Cristo não pertence ao Cristianismo, mas ao mundo inteiro
(Gandhi)

O aparecimento da figura de Cristo dividiu a história da Humanidade em duas épocas: Antes e Depois DELE. A partir de Jesus Cristo, criou-se um novo calendário, começando uma nova Era, a "NOSSA ERA", a da civilização cristã. A cultura ocidental, antes de Cristo, era dominada por uma concepção religiosa mesquinha, incestuosa e vingativa. Basta citar dois episódios semelhantes, um ligado ao Politeísmo greco-romano e outro ao Judaísmo hebraico, cuja lembrança ofende indelevelmente a inteligência e o sentimento humano: Agamenão, que está pronto a sacrificar à vingativa deusa Diana sua jovem filha Ifigênia, e Abraão, disposto a matar seu filho Isaac para superar o "teste" de obediência a que o submeteu o caprichoso Jeová. Jesus veio ao mundo para inverter esta lógica milenar com um ensinamento simples: amar a Deus é amar o próximo, o ser que está ao nosso lado e a realidade que nos circunda. Os deuses pagãos e o deus do Velho Testamento foram substituídos pelo Deus da misericórdia. Essa nova concepção da divindade atravessou toda a história das religiões. O maior milagre que circunda a figura de Cristo foi o de ter conseguido concentrar na sua pessoa o que houve de bom antes e depois dele: o monoteísmo, a crença num único deus, sistema criado pelo filósofo persa Zoroastro e adotado pelo Judaísmo; a observância das normas morais que se encontram no Velho Testamento (→ Bíblia); a utopia socialista de Platão; o pacifismo e a tolerância ensinados pelos textos dos Vedas da Índia (→ Budismo). Após sua morte, a Palavra de Cristo revolucionou o curso da humanidade. O historiador britânico Edward Gibbon (1737–1794), na sua vasta obra em cinco volumes, Declínio e Queda do Império Romano, defende a tese de que o Cristianismo foi a causa principal da decadência da maior potência da Antiguidade pela sua pregação pacifista e por projetar a felicidade num mundo sobrenatural. De outro lado, o sociólogo alemão Max Weber (1864–1920), na obra clássica A Ética Protestante e o Espírito do Capitalismo, mostra como os princípios do Cristianismo, na sua versão luterana e calvinista, nortearam a construção da maior potência do mundo atual, o império econômico dos Estados Unidos da América do Norte. A base do sucesso da civilização anglo-saxônica e norte-americana, segundo Weber, estaria na "Ética do Trabalho", propugnada nos evangelhos e nas epístolas do apóstolo Paulo e praticada principalmente por ingleses e americanos, convencidos de que a riqueza é um sinal da bênção divina.

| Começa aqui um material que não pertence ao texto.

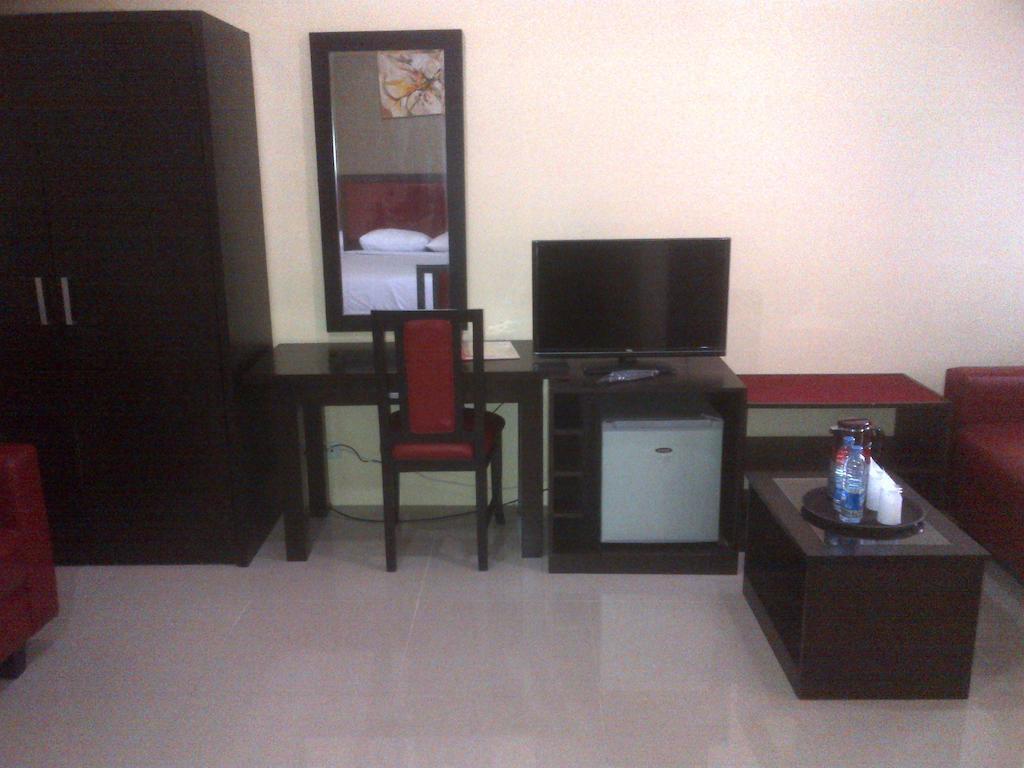 Gumilang Hotel Bogor Rum bild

Mas, afinal, quem foi este "Jesus Cristo" que, sem sair da Palestina e sem escrever uma linha sequer, foi capaz de derrubar o maior império antigo e de construir a maior potência da atualidade? As notícias sobre sua personalidade encontram-se, essencialmente, nos quatro evangelhos (→ Bíblia). O pouco que sabemos sobre a pessoa histórica de Jesus Cristo pode ser assim resumido: de religião judaica, nasceu em Belém, filho de Maria e do carpinteiro José, na época em que Herodes governava na Galiléia, província romana, no início da nossa Era (→ Idade). Já com trinta anos (por volta do ano 27 ou 28), junto com João Batista, começou sua pregação. Transmitiu sua mensagem de paz e de amor através de discursos e de parábolas, cativando a atenção dos mais humildes. Corroborou sua palavra com atos milagrosos, sendo considerado um taumaturgo. Mas sua fama começou a incomodar judeus e romanos. Os fariseus não aceitavam sua concepção de messianismo (a palavra "christus" é uma transcrição literal do grego Khristos que, por sua vez, é a tradução do hebraico mashiah, que significa "Messias", a pessoa consagrada pela unção). Para os hebreus, o Messias, anunciado no Velho Testamento, devia ser não um pobre descalço, mas um Rei poderoso que libertasse o povo do jugo de Roma. Também para os romanos, a mensagem de Cristo era politicamente perigosa, pois podia sublevar a massa popular contra o Império, deixando de pagar os impostos. Assim, depois de um ou dois anos de apostolado itinerante, Jesus Cristo foi vítima de uma coalizão entre dirigentes judeus e a autoridade romana. Traído por um dos seus discípulos, Judas Iscariota, e capturado quando estava em Jerusalém, ao redor do ano 30, foi julgado e condenado à morte por ordem de Pôncio Pilatos, Procurador romano, com o consenso do povo hebreu. Após a flagelação, foi crucificado sob a acusação de ser um agitador público. Segundo a tradição cristã, ele teria ressuscitado na Páscoa, após três dias de sepultamento, aparecendo a seus discípulos, que se tornaram Apóstolos, que em grego significa "Enviados", pois lhes foi dada a missão de difundir para o mundo todo os ensinamento de Cristo.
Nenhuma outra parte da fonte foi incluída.